No admin privileges. Runs at login, restarts on crash.

Quick start

# In your project
npx fat-docs init

Interactive setup walks you through:

  1. Installing the background service (first time only; subsequent projects reuse it)
  2. Scaffolding the canonical docs/ structure (product/, technical/patterns/, technical/runbooks/ with overview files) — existing files are never overwritten
  3. Writing the .mcp.json entry pointing at the service
  4. Adding docs/.fat-docs/ to .gitignore
  5. Appending a "docs search is available" block to CLAUDE.md and/or AGENTS.md (each opt-in)
  6. Installing the groupings skill for Claude Code, Codex, and Cursor (each opt-in)

Then:

# In your agent: invoke the `groupings` skill to generate docs/groupings.md
# Then:
npx fat-docs index

Restart your MCP client and search_docs is available.

Canonical docs structure

fat-docs is opinionated about a base layout every docs/ folder should have.

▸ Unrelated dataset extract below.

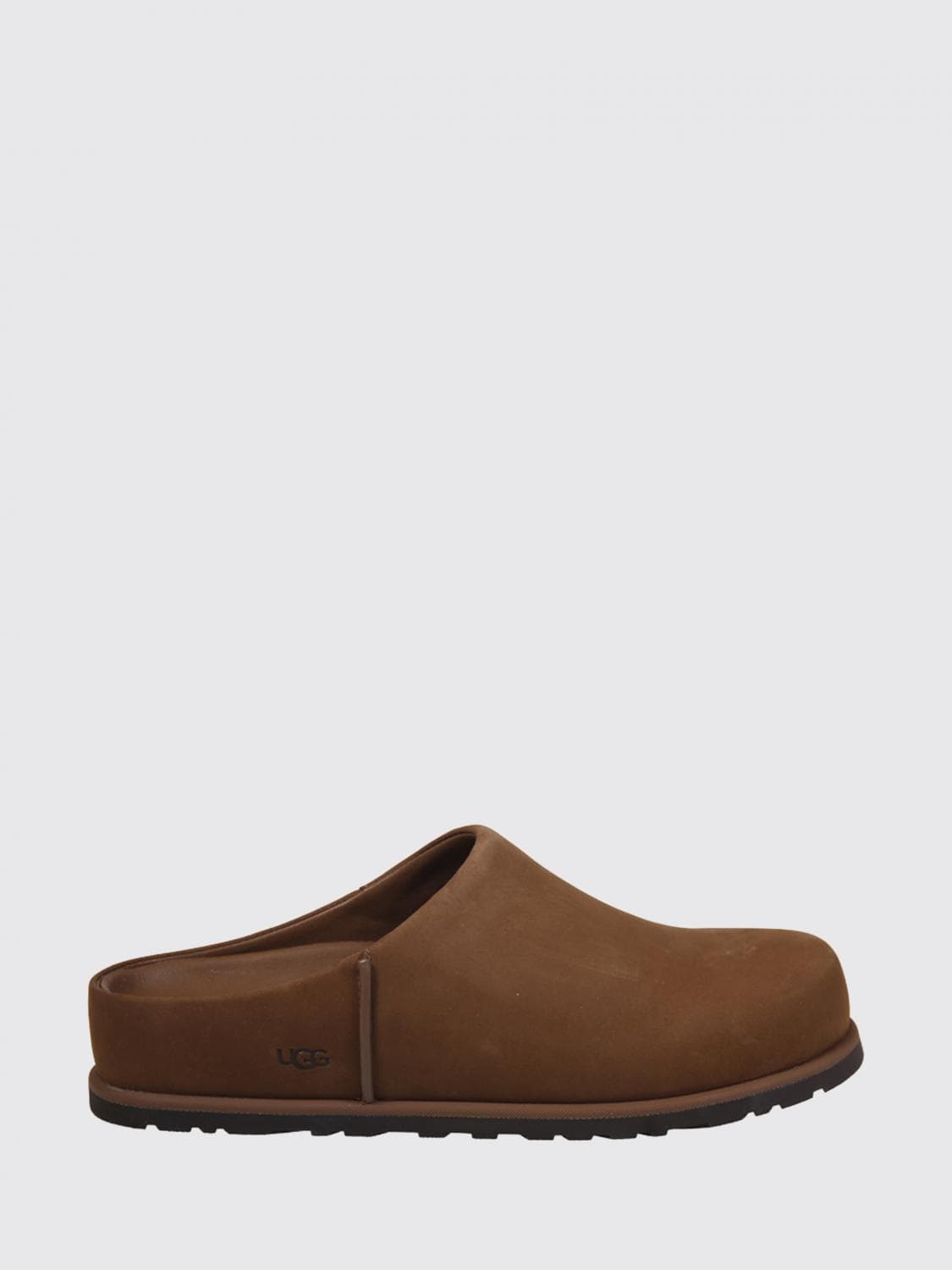 Ugg Otzo Sabot in Nubuck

On init, the following files are scaffolded (existing files are never overwritten):

docs/
├── product/
│   └── overview.md           # product-level docs: what the thing does, who it's for
└── technical/
    ├── overview.md
    ├── patterns/
    │   └── overview.md       # code conventions, patterns, and rules
    └── runbooks/
        └── overview.md       # operational how-tos (local dev, deploy, debug, onboarding)

Each overview.md describes its folder's purpose and serves as a mini-index of the docs within. Agents maintain these as docs are added (per the memory-file instructions).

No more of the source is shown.